Keratin43

13.2K 303 42
                                    

Mert ve Selahattin'i evden göndermiş Selin'i aramıştım. Siteyi satmaya karar vermiştim ve bu fikrimi onunla da paylaşmam gerekirdi.

"Alo"

"Selin,nasılsın?"

"İyidir,site için uğraşıyorum." Selin de en az benim kadar ilgileniyordu siteyle,Mert'in yaptığı onu da çok üzmüştü.

"Uğraşma daha fazla,demiştim sana da yapanı buldum. Siteyi de satmayı düşünüyorum. Bu konuyu yüzyüze konuşmak ister misin?"

"Cansel site senin siten,istediğini yapmakta özgürsün. Sana sat da satma da diyemem. Sadece kim yapmış,nasıl yapmış merak ediyorum. Müsaitsen şimdi gelebilirim,konuşuruz."

"Bekliyorum,gel sen." Zaten olan uykum Mertler yüzünden kaçmıştı. Selin ile konuşmamı şu an yapabilirdim.

Yarım saat içinde Selin gelmiş onunla uzun uzun sohbet etmiştik.

Selin de gittikten sonra Can'a mesaj attım.

Cansel:Keratin'nin açılışında bir etkinlik yapmayı planlıyorum. Benden sonraki büyük ortak sensin bunu konuşalım.

Mesajı yazıp balkona çıktım. Selin ile o kadar uzun süre vakit geçirmiştik ki güneş doğuyordu. Etraf yavaş yavaş aydınlanıyordu.

Güneşin aydınlattığı caddeyi izledim insanlar işe gitmek için erkenden sokaklara doluşmuşlardı. Hızla işe yetişmek için koşuşturuyorlardı. Benim de onlar gibi hızlı olmam lazımdı. Bir an önce Toprak'tan site parasını ve Mert'ten kendi paralarımı almam lazımdı.

Kenara attığım telefonun ekranı yanınca telefona yöneldim.

Can: Ne zaman müsaitim dersen konuşalım,abim Keratin'nin ne zaman açılabileceğini de söyledi.

Cansel: Keratin'nin mutfak anahtarı sende var mıydı?

Can: Bende ve Ali'de var. Mutfak kapısından mı girmeyi planlıyorsun?

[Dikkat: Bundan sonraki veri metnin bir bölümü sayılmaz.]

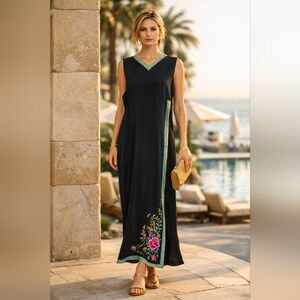 Diane Gilman Black Silk Garment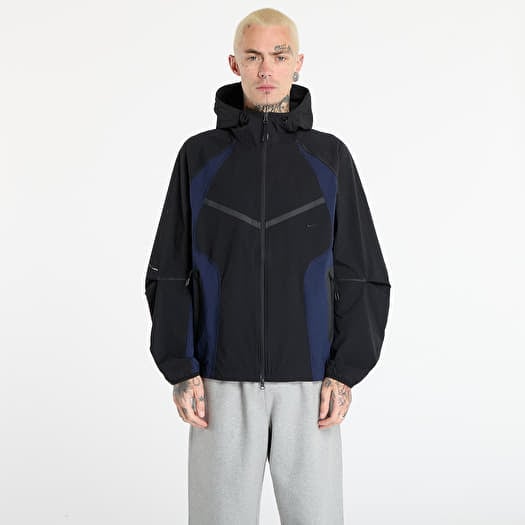 Nike Tech Men's Dri-FIT Woven Color-Block Windrunner Loose Jacket Black/ Obsidian/ Black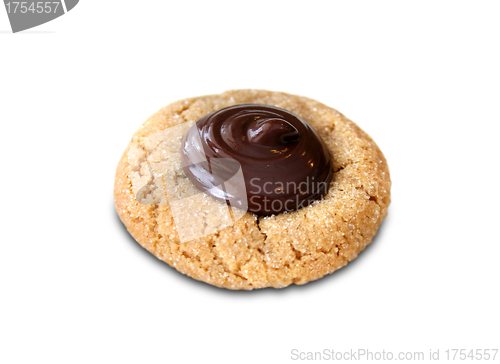 Image of cookie with chocolate cream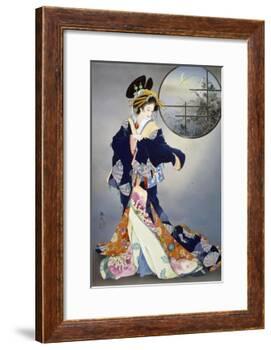 Tsukiakari-Haruyo Morita-Framed Art Print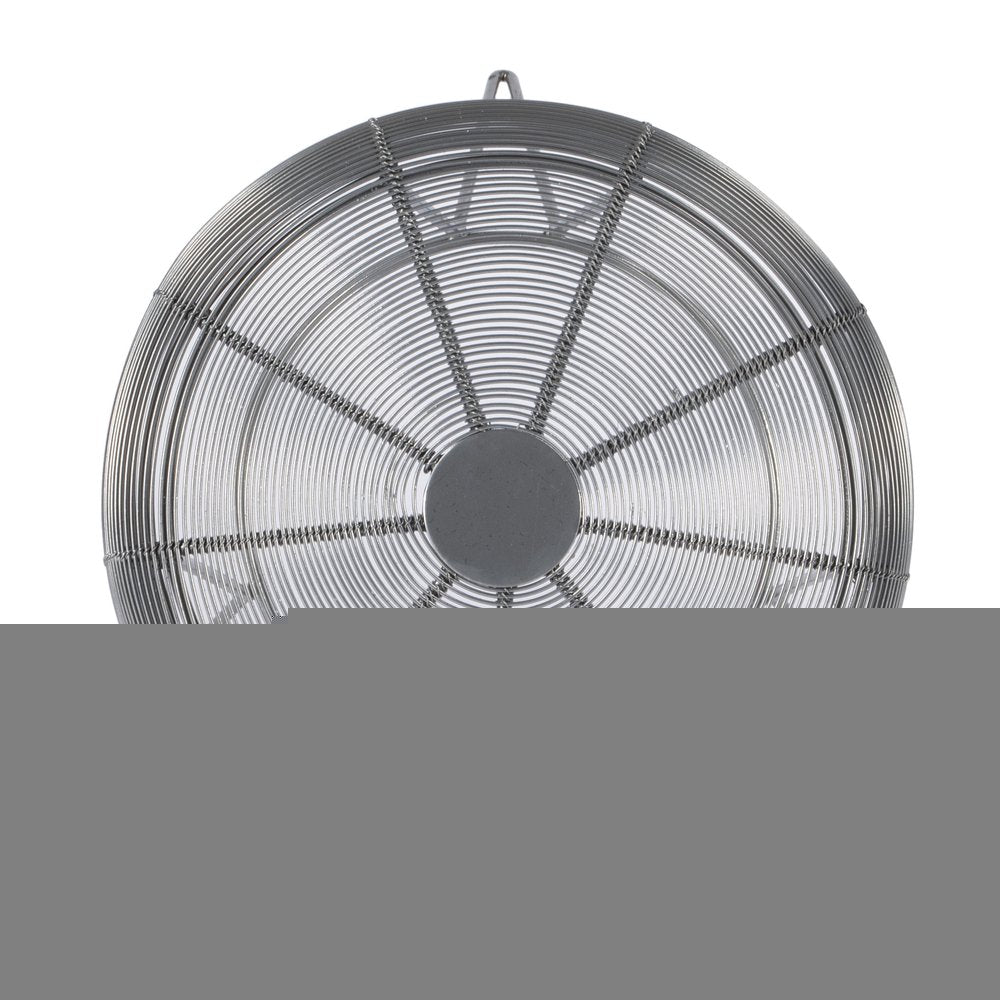 18" Silver Wire Round End Table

Cansel:Ön kapıda mühür var,arkadan gireriz. Hem müşteri almayacağız kendimiz oturucaz bir problem olmaz bence.

Can:Saat kaçta?

Cansel:Şu an çıksam gelsem,sana uyar mı?

Can: Yarım saat sonra görüşürüz.

Canla etkinlik ve Keratin ile ilgi konuşmak istediklerim vardı.

Bugün uyumamıştım ama dinç hissediyordum. Odama gidip üzerimdekileri çıkardım. Şortlu ve ceketli bir takım giyip makyajımı yaptım.

Telefon,anahtar,ruj gibi malzemeleri çantama doluşturarak evden çıktım. Arabaya binip Keratin'nin önünde durdum. Müşteri olmadığından park yeri bomboştu. Tek bir siyah araba vardı o da muhtemelen Can'nındı.

Mutfak kapısının önünde beni bekleyen Can'a seslendim

"Beni beklerken kök salmışsın." Gözlerimle kapının yanındaki devasa ağacı süzdüm. Kökleri kapının ucuna kadar geliyordu.

"Yok ya yeni geldim ben de. Yalnız ilk defa bu kapıyı kullanıcam."

"Ben de. " Keratin'e normal olarak her zaman ön kapısından girmiştim. Can anahtarlarla bir ton kilidi açıp en sonunda kapıyı araladı.

"Bizim buraya niye hırsız gelmiyor anlaşıldı. Bu kadar kilitle uğraşılır mı ya." Can'a gülüp arkasından onunla ilerledim. Kapıyı kapamayı da ihmal etmedim.

Mutfakta en son hazırlanan aperatifler ortada kalmış,tazeliğini yitirmişti. Can onlardan birini eline alıp masaya vurdu. Gelen tak tak sesinden sonra bana döndü.